Futures dropped as much as 1.7 percent after a government report showed that crude inventories rose 4.96 million barrels last week, almost five times the gain projected in a Bloomberg News survey of analysts. Fuel supplies jumped as demand decreased. Oil also slipped as Germany’s Federal Statistics Office said Europe’s largest economy shrank last quarter.
The Energy Department report “gives a clear and consistent bearish signal across the board,” said Tim Evans, an energy analyst at Citi Futures Perspective in New York. “There were larger-than-expected builds in supply and product demand was weaker.”
Crude oil for February delivery declined 82 cents, or 0.8 percent, to $101.42 a barrel at 11:27 a.m. on the New York Mercantile Exchange. The contract dropped as much as $1.69 to $100.55. Prices are up 11 percent from a year earlier.
Brent oil for February settlement fell 27 cents, or 0.2 percent, to $113.01 a barrel on the London-based ICE Futures Europe exchange.
The oil supply increase left inventories at 334.6 million barrels, the highest level since the week ended Dec. 2. A 1 million barrel gain was forecast, according to the median of 12 analyst estimates in the Bloomberg News survey.

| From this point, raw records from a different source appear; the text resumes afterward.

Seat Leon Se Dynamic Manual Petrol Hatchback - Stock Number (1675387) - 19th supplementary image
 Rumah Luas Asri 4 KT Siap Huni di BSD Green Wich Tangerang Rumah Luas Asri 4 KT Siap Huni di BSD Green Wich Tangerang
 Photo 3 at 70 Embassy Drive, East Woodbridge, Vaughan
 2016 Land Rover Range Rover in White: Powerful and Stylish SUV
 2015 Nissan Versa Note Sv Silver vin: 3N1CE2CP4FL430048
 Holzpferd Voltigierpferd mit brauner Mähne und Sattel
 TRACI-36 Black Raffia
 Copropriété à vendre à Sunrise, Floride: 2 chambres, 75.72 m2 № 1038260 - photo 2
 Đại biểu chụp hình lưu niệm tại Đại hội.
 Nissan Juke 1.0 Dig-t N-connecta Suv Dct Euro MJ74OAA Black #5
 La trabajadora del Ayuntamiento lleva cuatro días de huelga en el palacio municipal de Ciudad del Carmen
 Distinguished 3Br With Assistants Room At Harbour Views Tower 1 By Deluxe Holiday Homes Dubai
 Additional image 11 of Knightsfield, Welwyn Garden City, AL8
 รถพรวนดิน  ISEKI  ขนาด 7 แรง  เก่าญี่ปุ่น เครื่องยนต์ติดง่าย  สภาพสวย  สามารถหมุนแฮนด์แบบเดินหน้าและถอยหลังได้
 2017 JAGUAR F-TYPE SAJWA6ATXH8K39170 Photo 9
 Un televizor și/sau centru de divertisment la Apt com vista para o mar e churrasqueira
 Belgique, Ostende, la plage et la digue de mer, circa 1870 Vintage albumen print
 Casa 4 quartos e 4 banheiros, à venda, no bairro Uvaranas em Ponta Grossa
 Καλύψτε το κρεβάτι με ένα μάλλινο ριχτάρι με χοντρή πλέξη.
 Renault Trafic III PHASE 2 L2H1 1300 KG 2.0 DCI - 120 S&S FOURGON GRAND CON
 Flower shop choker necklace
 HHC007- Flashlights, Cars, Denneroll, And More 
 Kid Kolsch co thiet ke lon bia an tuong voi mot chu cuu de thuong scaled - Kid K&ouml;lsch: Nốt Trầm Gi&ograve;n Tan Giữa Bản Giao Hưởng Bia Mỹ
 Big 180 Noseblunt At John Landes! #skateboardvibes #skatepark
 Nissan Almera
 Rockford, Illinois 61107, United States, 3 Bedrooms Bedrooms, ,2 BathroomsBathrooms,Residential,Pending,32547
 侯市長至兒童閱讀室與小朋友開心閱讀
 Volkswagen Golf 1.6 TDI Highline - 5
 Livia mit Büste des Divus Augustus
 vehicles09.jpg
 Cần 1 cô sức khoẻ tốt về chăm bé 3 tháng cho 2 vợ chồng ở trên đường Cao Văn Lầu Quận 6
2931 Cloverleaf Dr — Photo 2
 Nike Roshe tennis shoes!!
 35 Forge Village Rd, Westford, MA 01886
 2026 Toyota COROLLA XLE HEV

Gasoline supplies climbed 3.61 million barrels to 223.8 million in the week ended Jan. 6, the highest level since March, the report showed. Analysts projected a 2.25 million barrel gain in stockpiles. Demand (DOEDMGAS) for the fuel tumbled 4.4 percent to 8.18 million barrels a day, the lowest level since February 2003.
European Economies
German gross domestic product decreased by about 0.25 percent in the fourth quarter from the third, the Federal Statistics Office in Wiesbaden said today in an unofficial estimate. Spain’s industrial output fell 7 percent in November from a year earlier, the National Statistics Institute in Madrid said in an e-mailed statement today.